Material provided:
╔══
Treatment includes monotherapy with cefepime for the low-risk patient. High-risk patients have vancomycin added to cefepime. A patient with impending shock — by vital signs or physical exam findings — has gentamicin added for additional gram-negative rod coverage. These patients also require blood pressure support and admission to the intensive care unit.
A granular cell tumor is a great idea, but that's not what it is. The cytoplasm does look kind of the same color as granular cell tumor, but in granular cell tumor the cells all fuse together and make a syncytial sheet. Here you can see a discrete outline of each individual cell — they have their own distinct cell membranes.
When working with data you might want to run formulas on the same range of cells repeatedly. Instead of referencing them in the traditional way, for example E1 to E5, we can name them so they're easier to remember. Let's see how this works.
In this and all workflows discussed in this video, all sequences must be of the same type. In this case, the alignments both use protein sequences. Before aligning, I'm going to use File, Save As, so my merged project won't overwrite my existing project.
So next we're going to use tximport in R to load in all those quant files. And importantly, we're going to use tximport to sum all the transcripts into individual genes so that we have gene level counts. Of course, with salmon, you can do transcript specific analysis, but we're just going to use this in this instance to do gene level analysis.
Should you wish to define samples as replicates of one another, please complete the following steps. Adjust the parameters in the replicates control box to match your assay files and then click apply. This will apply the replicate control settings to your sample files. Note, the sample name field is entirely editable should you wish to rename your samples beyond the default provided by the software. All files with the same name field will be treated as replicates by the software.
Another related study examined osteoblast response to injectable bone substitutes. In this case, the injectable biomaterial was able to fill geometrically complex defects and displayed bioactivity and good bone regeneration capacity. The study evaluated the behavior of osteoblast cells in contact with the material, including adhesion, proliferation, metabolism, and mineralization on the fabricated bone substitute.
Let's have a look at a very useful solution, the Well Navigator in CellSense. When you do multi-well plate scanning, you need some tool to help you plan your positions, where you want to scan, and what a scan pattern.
╚══
Write the material above out once more, exactly as it stands.

Answer section:
Treatment includes monotherapy with cefepime for the low-risk patient. High-risk patients have vancomycin added to cefepime. A patient with impending shock — by vital signs or physical exam findings — has gentamicin added for additional gram-negative rod coverage. These patients also require blood pressure support and admission to the intensive care unit.
A granular cell tumor is a great idea, but that's not what it is. The cytoplasm does look kind of the same color as granular cell tumor, but in granular cell tumor the cells all fuse together and make a syncytial sheet. Here you can see a discrete outline of each individual cell — they have their own distinct cell membranes.
When working with data you might want to run formulas on the same range of cells repeatedly. Instead of referencing them in the traditional way, for example E1 to E5, we can name them so they're easier to remember. Let's see how this works.
In this and all workflows discussed in this video, all sequences must be of the same type. In this case, the alignments both use protein sequences. Before aligning, I'm going to use File, Save As, so my merged project won't overwrite my existing project.
So next we're going to use tximport in R to load in all those quant files. And importantly, we're going to use tximport to sum all the transcripts into individual genes so that we have gene level counts. Of course, with salmon, you can do transcript specific analysis, but we're just going to use this in this instance to do gene level analysis.
Should you wish to define samples as replicates of one another, please complete the following steps. Adjust the parameters in the replicates control box to match your assay files and then click apply. This will apply the replicate control settings to your sample files. Note, the sample name field is entirely editable should you wish to rename your samples beyond the default provided by the software. All files with the same name field will be treated as replicates by the software.
Another related study examined osteoblast response to injectable bone substitutes. In this case, the injectable biomaterial was able to fill geometrically complex defects and displayed bioactivity and good bone regeneration capacity. The study evaluated the behavior of osteoblast cells in contact with the material, including adhesion, proliferation, metabolism, and mineralization on the fabricated bone substitute.
Let's have a look at a very useful solution, the Well Navigator in CellSense. When you do multi-well plate scanning, you need some tool to help you plan your positions, where you want to scan, and what a scan pattern.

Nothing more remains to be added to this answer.